29 Ağustos 2017 Salı

SAFRANBOLU Müze kentte ziyaret






Safranı gözdedir, ambarı silme,

Lokumu cevizli, baklava dilme,

Asmalı bağları, dört köşe bölme, 

Yolu hazdan geçer Safranbolu’nun. 

demiş şair.. Safranbolu ziyaretinden sonra,  tarihin içinden geçtiğinizi ve hazzın en yüksek demlerini yaşadığınızı anlayacaksınız.

Karadeniz'in uç noktalarına kadar gidelim diye karar vererek ilk durağımız Safranbolu'da Tabagoğlu Ahmet Bey Konağına vardık.

Safranbolu konağından sahibi Cengiz beyin tanıtımı

Eskiden booking.com üzerinden ayarladığımız gezilerimizi, bu sayfanın kapanması sebebiyle ETS üzerine ayarladık. ETS'den övgüleriyle dikkat çeken bu otele daha doğrusu konağa geldik.

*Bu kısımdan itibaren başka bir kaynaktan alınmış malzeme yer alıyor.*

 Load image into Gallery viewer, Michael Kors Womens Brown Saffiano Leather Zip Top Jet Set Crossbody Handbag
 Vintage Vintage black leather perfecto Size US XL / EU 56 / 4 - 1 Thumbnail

Tabağ Ahmet Bey Konağı gerçekten de kalınması gereken güzel bir yer. Otelimize yerleştik ve  kendimizi küçük sokaklara attık.

Buraya "Müze kent Safranbolu" desek daha doğru olur sanırız. Çünkü "sana dün tepeden baktım Aziz Safranbolu" dediğimizde tam da bir Müze kent görüyorsunuz. Batı Karadeniz bölgesinde Karabük iline bağlı, birbirinden güzel ahşap evleri ve çevresindeki cami, türbe, lonca çarşıları gibi tarihi eserleri, günümüze kadar "kent ölçeğinde korumasıyla" ünlenen bir yer burası.

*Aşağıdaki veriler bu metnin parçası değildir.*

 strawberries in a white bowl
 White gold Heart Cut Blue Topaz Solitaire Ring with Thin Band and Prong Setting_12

Safranbolu daha önce de gitmiş biri olarak, o meşhur Safranbolu evlerinin hiç değişmeden kaldığını,  hatta daha da ileri giderek bir UNESCO mirası ünvanını aldığını  görünce çok sevindim.

Safranbolu aslında günübirlik geziler için çok uygun uzaklıkta..  Konaklamaya gerek kalmadan bir günde görülecek yerleri aslında gezebilirsiniz. Ama bizim gibi bir konakta zevk alarak kalayım derseniz Tabağ Ahmet Bey Konağı hem fiyat olarak, hem de tarihsel dokusu olarak hoş bir mekan.

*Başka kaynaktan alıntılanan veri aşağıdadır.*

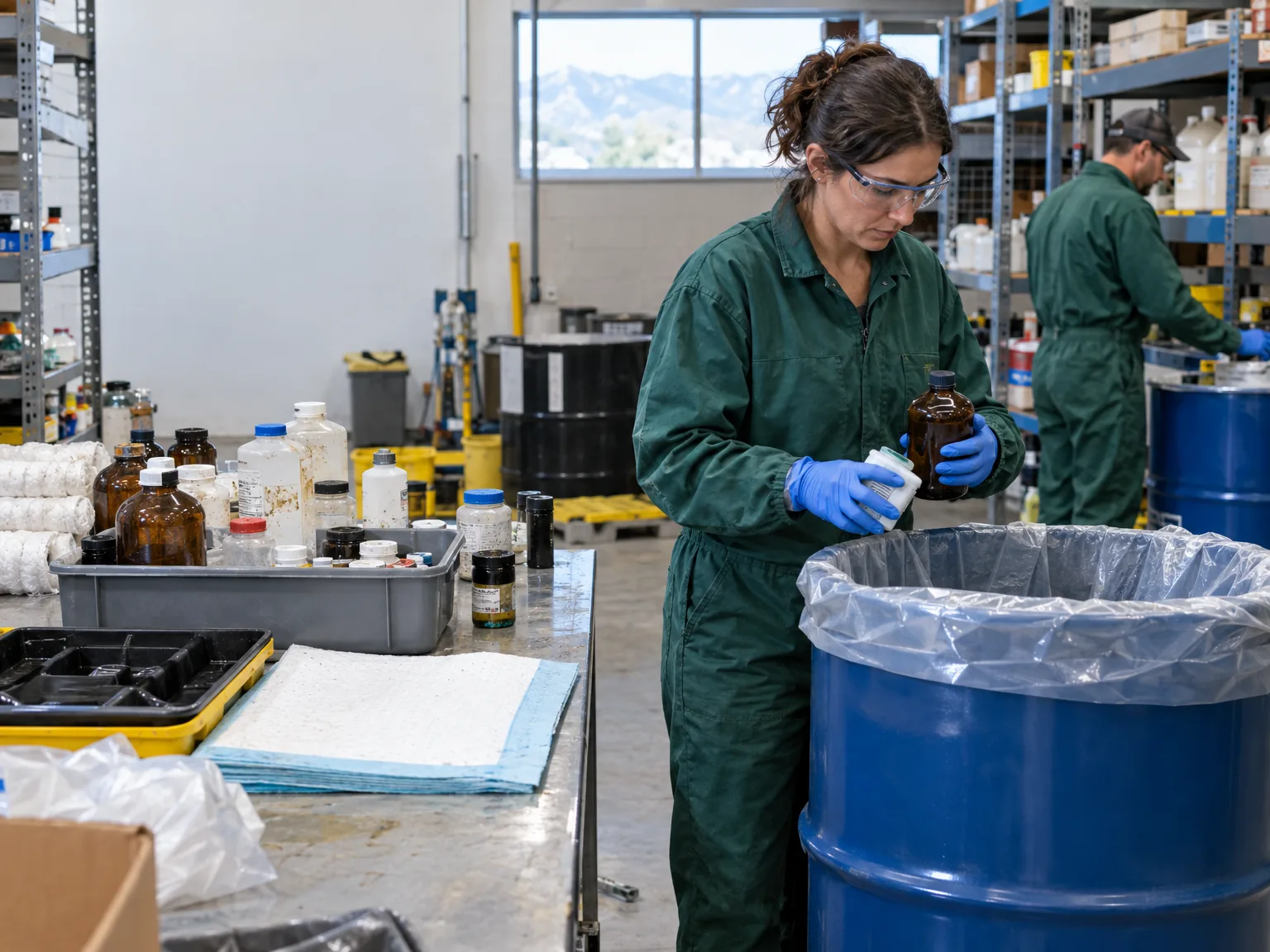 Environmental technician sorting chemical containers into a lined drum during a lab-pack waste cleanup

Safranbolu Antik devirde Paplagonya olarak geçmekte imiş.Yörede sırası ile Hititler, Frigler, dolaylı yoldan Lidyalılar, Persler, Pondlar, Romalılar, Selçuklular, Çobanoğulları, Candaroğulları ve Osmanlılar egemenlik kurmuşlar. 1196 yılında Selçuklu Sultanı II. Kılıç Arslan'ın oğlu Muhiddin Mesut Şah zamanında Türklerin eline geçmiş ve iyi ki de geçmiş biz de sevdik burayı atalarımız gibi. Bizans döneminde kentin adı Dadybra, Selçuklular döneminde Zalifre, Beylikler döneminde ve Osmanlıların ilk zamanlarında Borglu ve Borlu olmuş diyor tarihçiler.. 16. yy da yöreye yerleşen Taraklı Aşiretinden dolayı Taraklıborlu olmuş. Osmanlılar da altta kalmamış, onlarda bir sürü adlar koymuş, Zağfiran Borlu,  Zağfiran-ı Benderli, Zağfranbolu, son olarak Zafranbolu, Sonra da bu Zafranbolu olmuş Safranbol.. En doğrusu da şudur diye ekliyorlar. Çok pahalı olan Safran bitkisi asıl buraya ad verenmiş. Biz onların yalancısıyız azizim.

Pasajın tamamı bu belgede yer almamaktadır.